The IBC2015 and IRC2015 definitions of "mezzanine" are slightly different!  Both begin with the text "an intermediate level or levels between the floor and ceiling of any story".

The IBC2015 definition continues "... and in accordance with Section 505."  Section 505 includes the area restrictions.  So if a floor does not meet the 33% area requirement it isn't in accordance with Section 505 and therefore isn't a mezzanine.  The only other thing it could conceivably be is a story, which makes sense.

I think the IRC definition is really confusing.  The IBC definition should be used in the IRC as well.
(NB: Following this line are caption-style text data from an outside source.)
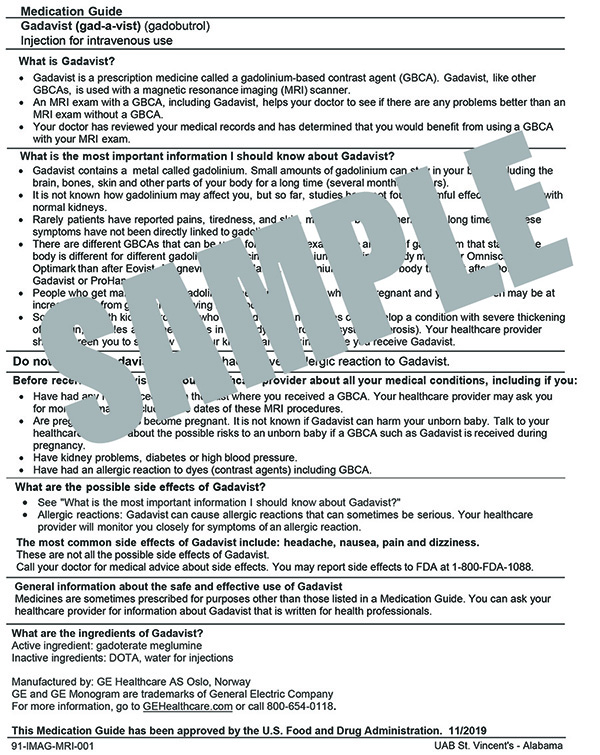 GADAVIST MEDICATION GUIDE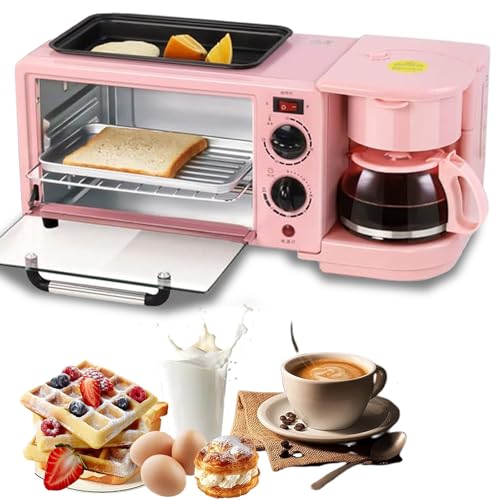 3-In-1 Breakfast Station, Electric Multifunctional Machine with 1.2L Cooking Pot, 9L Large Capacity Baking Area, and Coffee maker, for Apartments Kitchenettes, Independent Control pink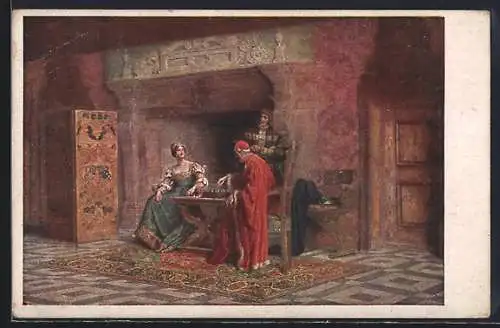 Künstler-AK Gemälde Schachspiel von Carl Probst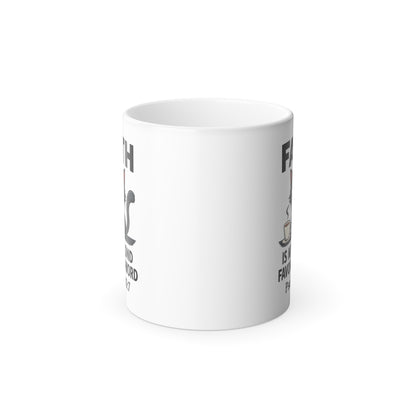 Funny Faith Color Morphing Mug, Unique Gift for Cat Lovers, Fun Coffee Cup, Color Changing Mug, Perfect for Birthdays, Cozy Home Decor - ClaimedbyGodDesigns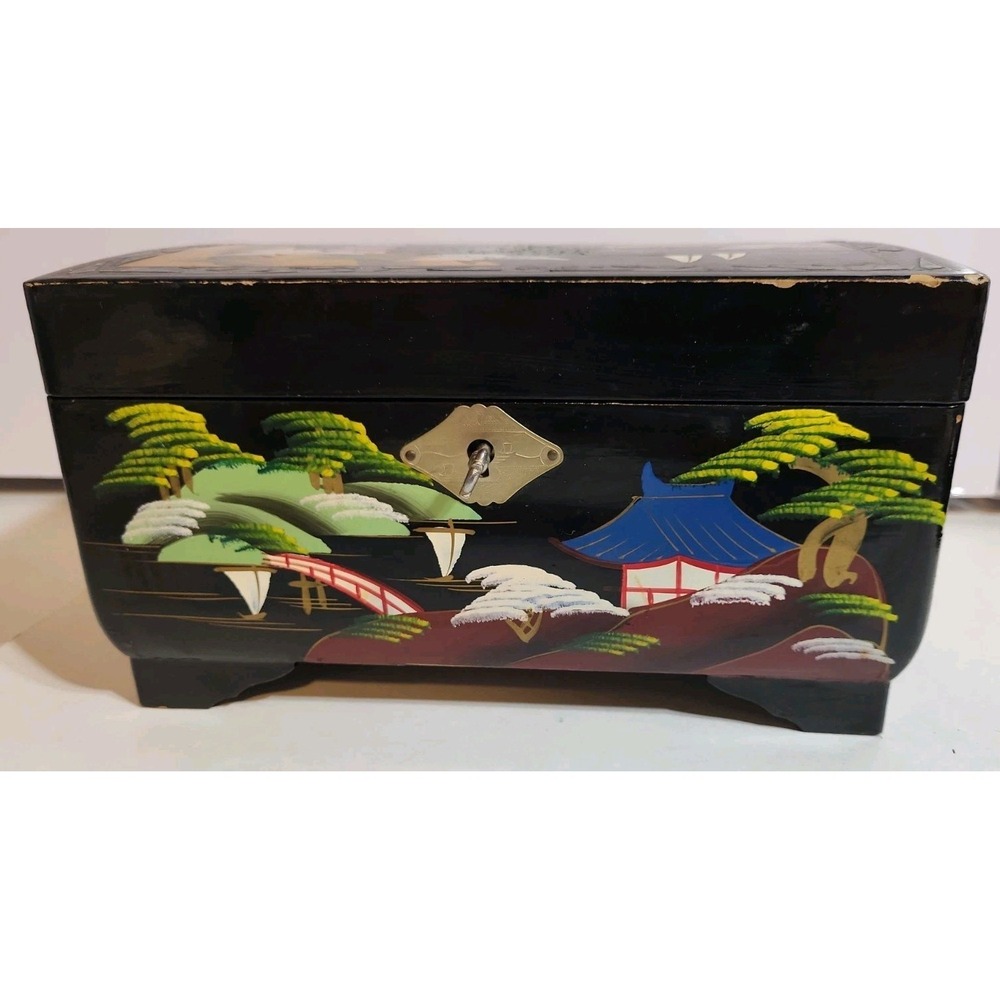 Vintage Crestline Japan Music Jewelry Box Black Lacquered Painted Mirror Locking - Picture 6 of 16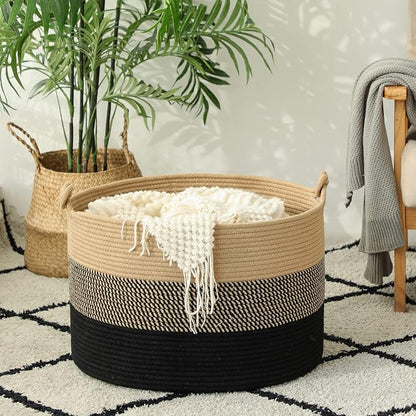 KAKAMAY Large Blanket Basket, Woven Rope Baskets - Image 7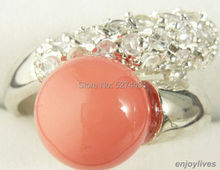 Wholesale FREE SIPP>Pink Coral 18KWGP Crystal Ring Size: 6.7.8.9 2024 - buy cheap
My project is being permitted under the IRC (residential accessory building) using engineer-stamped IBC 2015 drawings.  Fortunately R301.1.3 allows IRC projects to use IBC-engineered designs: "engineered design in accordance with the International Building Code is permitted for buildings and structures, and parts thereof, included in the scope of this code".

Thanks again everybody.  Hopefully the next person to run into this issue won't have to spend as much time researching it as I did.


----------



## RLGA (Feb 25, 2020)

The definition states that a mezzanine is an "intermediate level or levels _between _the floor and ceiling of any story..."

If the level is at the floor level of the second story, then it is _not between_ the floor and ceiling of the first story.


----------



## ADAguy (Feb 27, 2020)

Also consider that if it were not open to the floor below it would then be a an interveening floor, no?


----------



## Rick18071 (Feb 28, 2020)

This was another mezzanine problem that was solved by adding an opening to a second room from the mezzanine which made it less than 1/3 of both rooms.

https://www.thebuildingcodeforum.co...smaller-room-in-a-small-building.21540/page-2


----------